(Ilustración: Giovanni Tazza)
(Ilustración: Giovanni Tazza)

Por: Pedro Cornejo
En momentos que la palabra justicia está en boca de todos, cabe detenerse un momento en su significado. Para empezar hay que considerar sus diferentes acepciones: ética, política, jurídica, social, económica. Por otro lado, es preciso distinguir lo que es justo de lo que es legal. En una democracia representativa, son los parlamentarios quienes elaboran las leyes (penales, civiles, etc.), pero ello no significa necesariamente, ni mucho menos, que las mismas sean justas. No obstante, se asume que hacer justicia significa aplicar la ley. Pero incluso en este supuesto —que lo legal sea equivalente a lo justo— la cosa dista de ser inequívoca. Porque, como ocurre con frecuencia, la ley suele ser reivindicada cuando a uno mejor le conviene. Ya lo decía aquella frase atribuida, entre otros, al dos veces presidente provisorio del Perú, Óscar R. Benavides: “Para mis amigos todo, para mis enemigos la ley”.

Se podrá decir, sin embargo, que en un sistema judicial que no esté erosionado por la corrupción y en el que los jueces sean probos, al menos la aplicación de la ley está garantizada. Asumiendo semejante cosa —bastante improbable, por cierto, sobre todo en el Perú—, ello no significa que los jueces serán infalibles, sino, en el mejor de los casos, que dictarán sentencia en rigurosa obediencia a lo que les dicta su interpretación de los hechos, las pruebas y las leyes; es decir, a lo que les dicta su conciencia. Y ello, sin duda, no es poco. Es más: se podría decir que es lo máximo a lo que las sociedades humanas pueden aspirar dentro de una racionalidad jurídica que hace del imperio del derecho la conditio sine qua non de la administración de justicia. Una racionalidad que, como se sabe, tiene sus raíces en la antigua Roma.

No hace falta recordar que la palabra justicia proviene del término latino iustitia y que este deriva de ius, que significa derecho y también justicia. Al respecto es pertinente recordar la importancia del pensamiento de Cicerón, quien, en Sobre la República, definía esta forma de gobierno como una multitud unida por la obediencia a una ley y por buscar un bien común que esté por encima de los intereses particulares que, como decía el filósofo romano, son los que generan las discordias. En qué consiste este “bien común” es cosa sobre la que no terminamos de ponernos de acuerdo hasta hoy, pero si queremos utilizar una formulación minimalista, podemos decir que está conformado por aquello que la comunidad de ciudadanos está de acuerdo en valorar y defender.

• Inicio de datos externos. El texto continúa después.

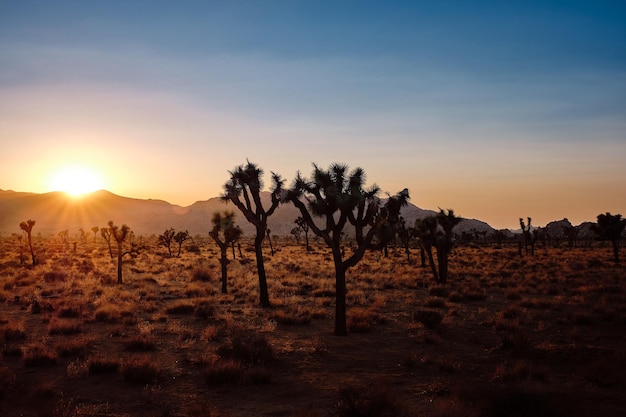 Vista panorámica del Parque Nacional Joshua Tree durante la puesta de sol. California, EE.UU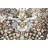 Darwen Performance Oriental Indoor Rug-1659594370
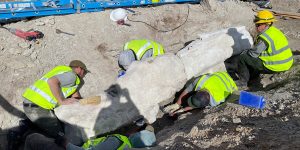 m colorida mostra homens trabalhando para retirar fósseis de um buraco nos Estados Unidos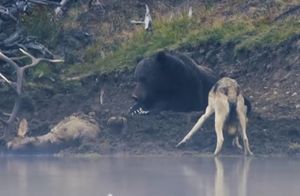 Видео: Как волк пытается украсть добычу у спящего медведя и другие любопытные кадры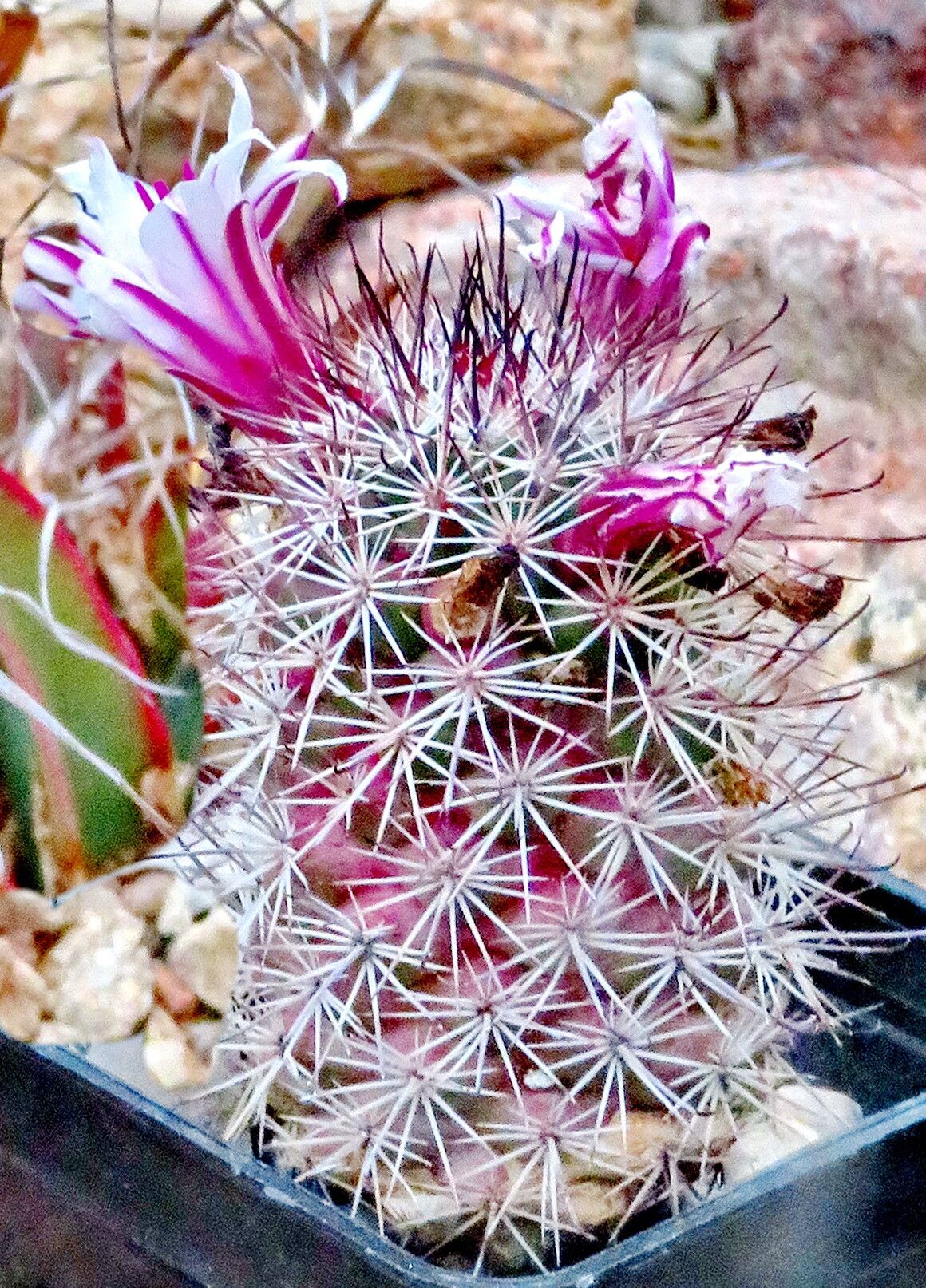 Cochemiea fraileana habit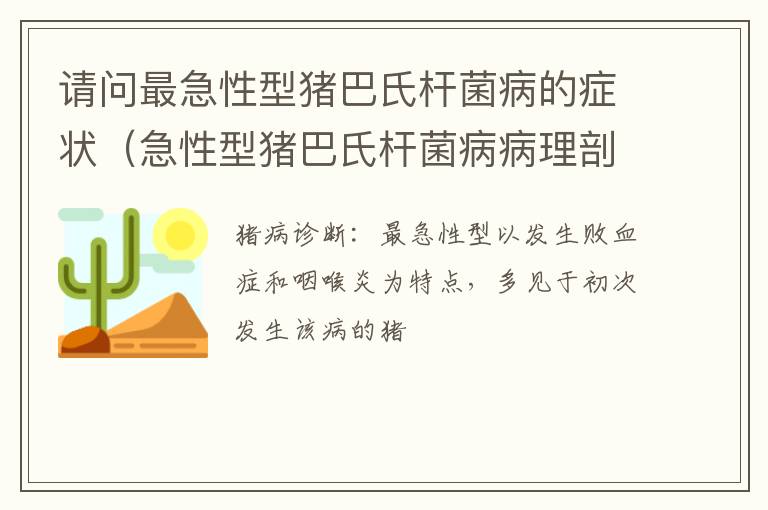 请问最急性型猪巴氏杆菌病的症状（急性型猪巴氏杆菌病病理剖检的重要特征为）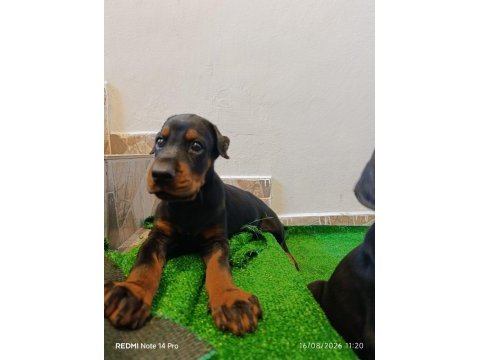 A scr üst düzey doberman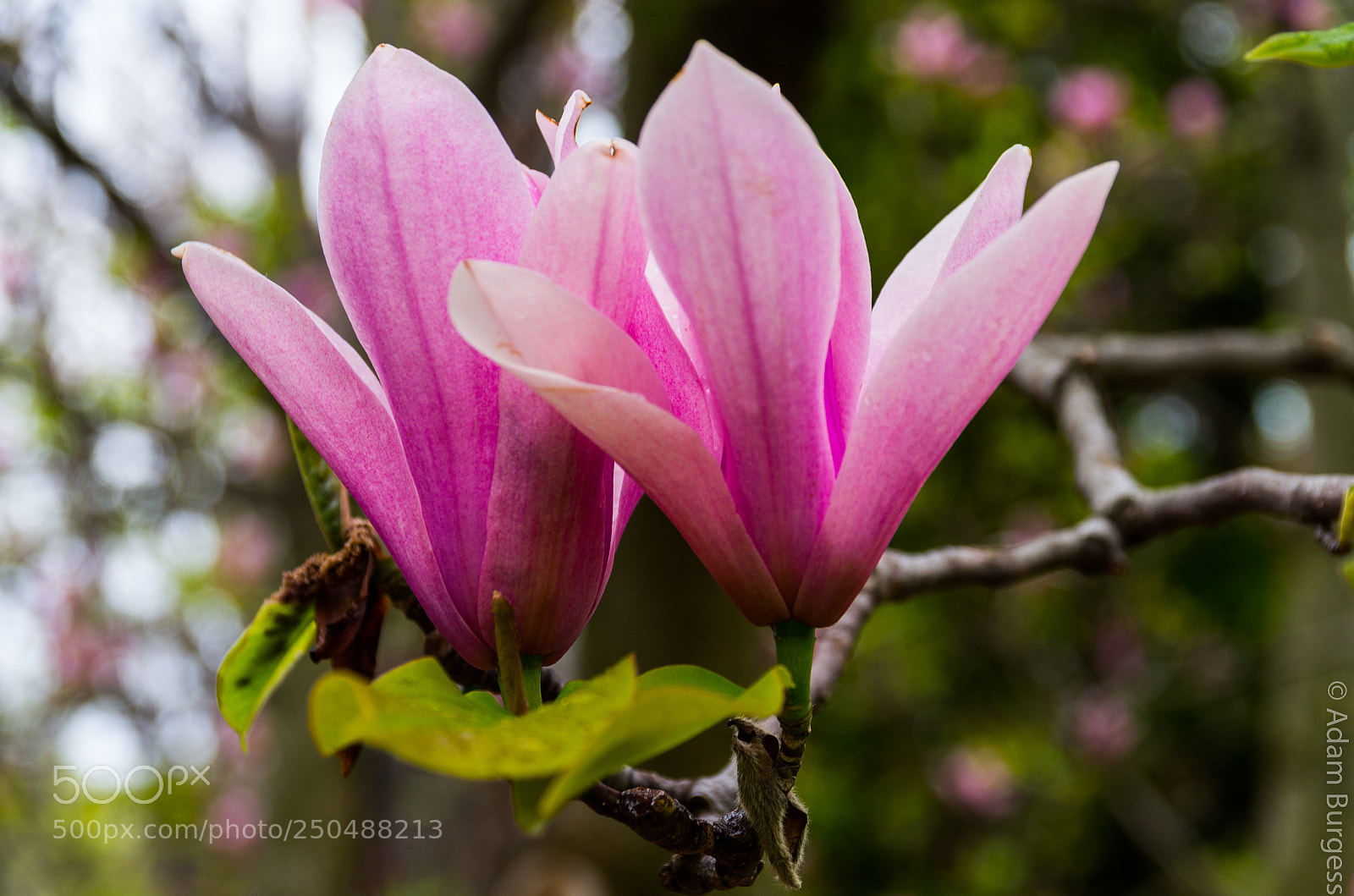 Pentax K-30 sample photo. Flowers photography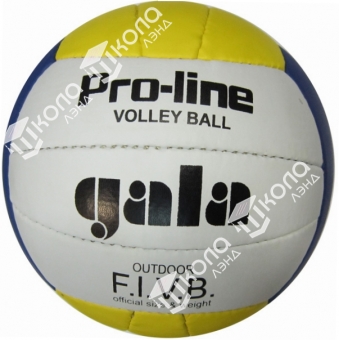 Мяч волейбольный GALA outdoor Pro-line (сшитый)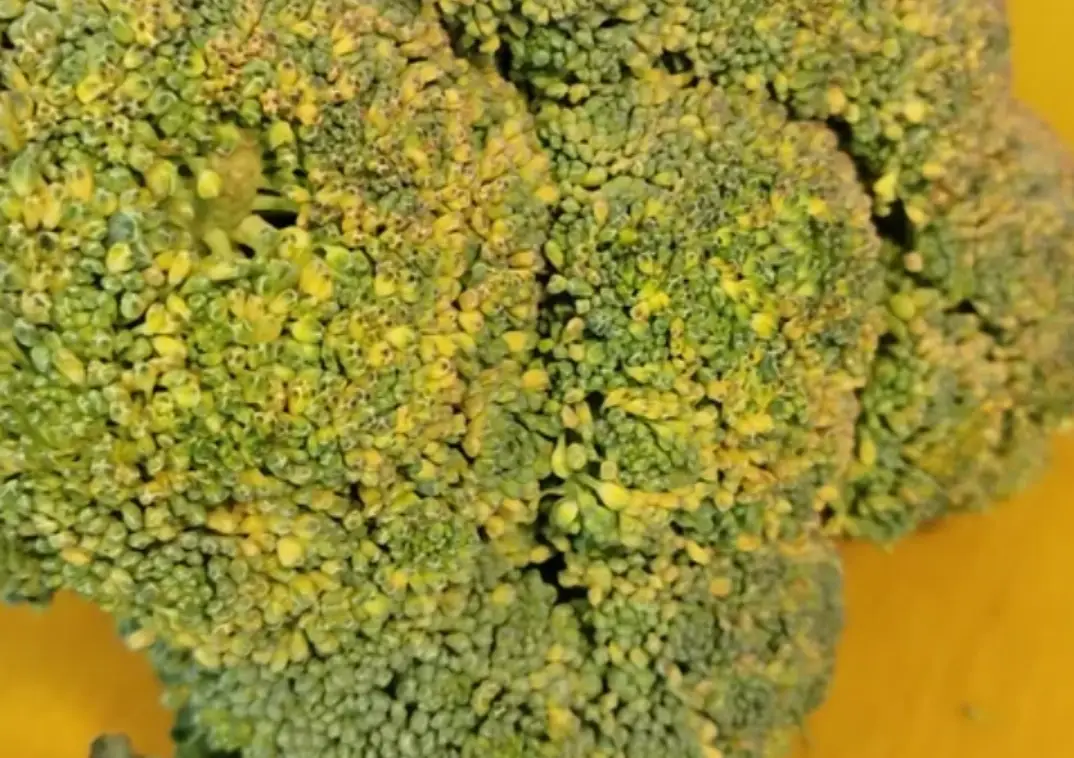 綠花椰菜變黃怎麼辦？三大原因與完整急救保存指南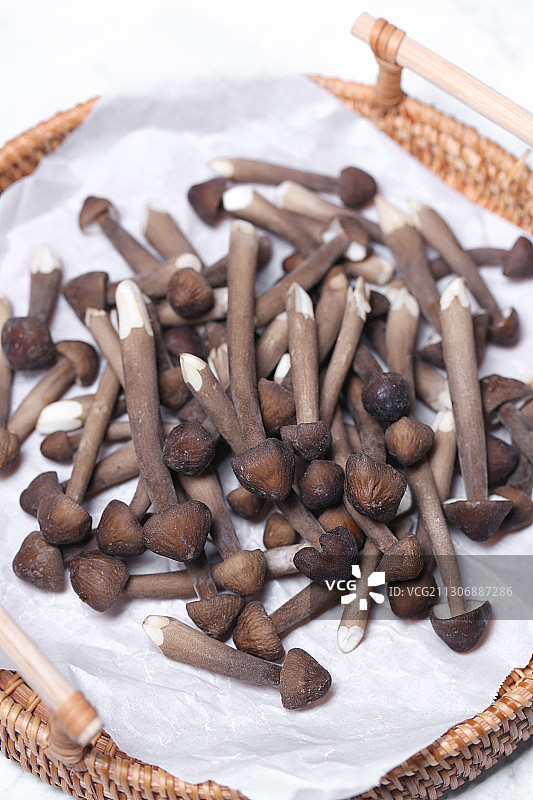 放在白色大理石背景上的鸡枞菌蘑菇图片素材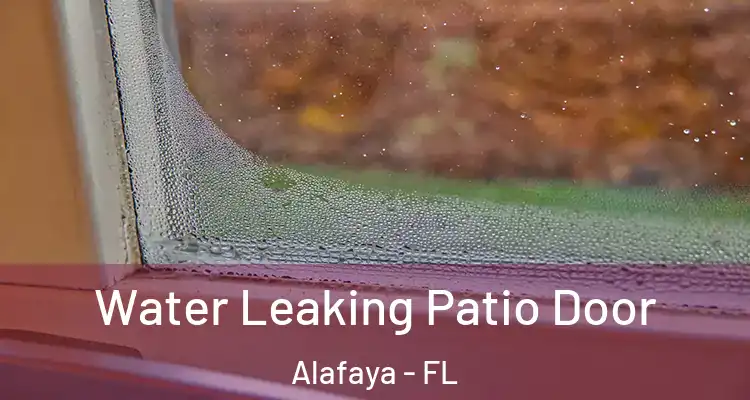 Water Leaking Patio Door Alafaya - FL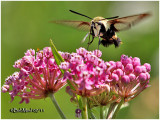 Snowberry Clearwing Moth 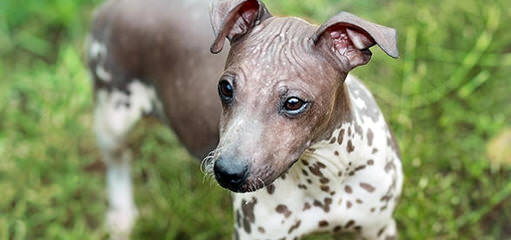 Bridge American Hairless Terriers - Dog Breeders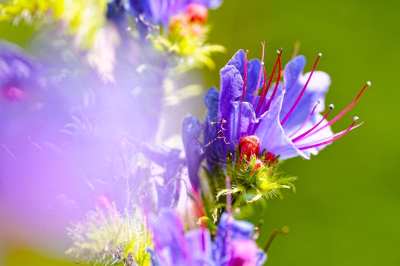 <i class='fa fa-user'></i>&nbsp;hesterb&nbsp;|  Slangenkruid&nbsp; <i class='fa fa-eye'>&nbsp;59</i> &nbsp; <i class='fa fa-comment-o'>&nbsp;5</i>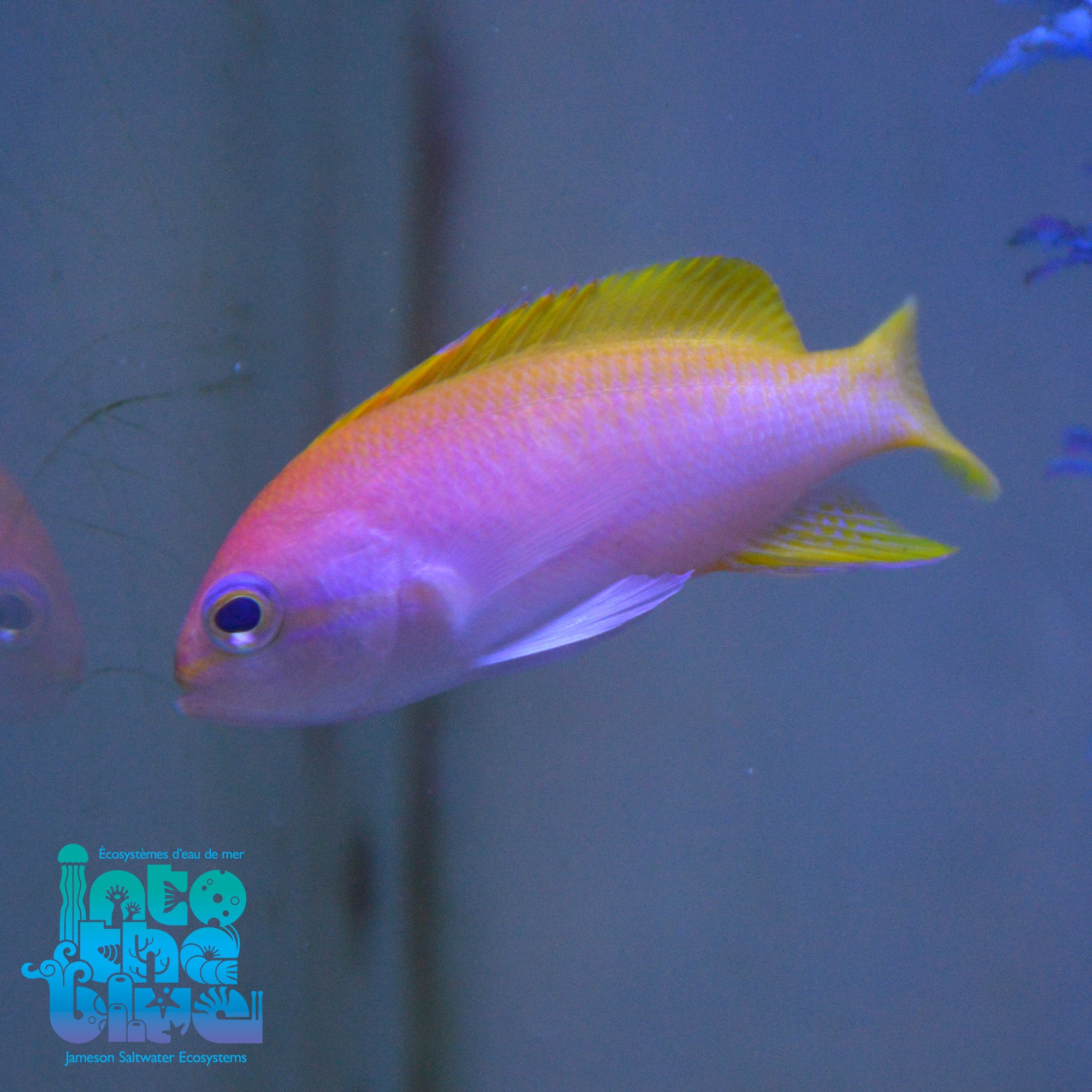 Bimaculatus Anthias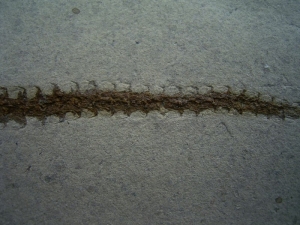 Salamander skeleton in top conservation, unusual location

Esto no supone que los individuos tengan las mismas prioridades dentro de sus respectivas escalas de valor y menos aún que exista un consenso en torno a los bienes que consideran como deseables. Sin embargo, esto no excluye el acuerdo sobre valorar, en un modo que no necesita ser específico, el bien común. Esta manera de plantear el asunto no pierde de vista el carácter humano, demasiado humano del Estado, de las leyes que lo rigen y de los jueces que administran justicia. El Estado no es, pues, desde esta perspectiva, la escuela de las virtudes, y su ley no es un ejemplo positivo de la ley universal de la razón o de una hipotética justicia divina. Antes bien, su misión no sería otra que la de garantizar ciertas condiciones mínimas de equidad, libertad y paz social, indispensables para que cada uno realice y tenga lo que le corresponde; es decir, aquello que busca sin que, al hacerlo, ponga en peligro lo que Rousseau entendía como “el interés general”. Ahora bien, ¿es eso factible en nuestro tiempo?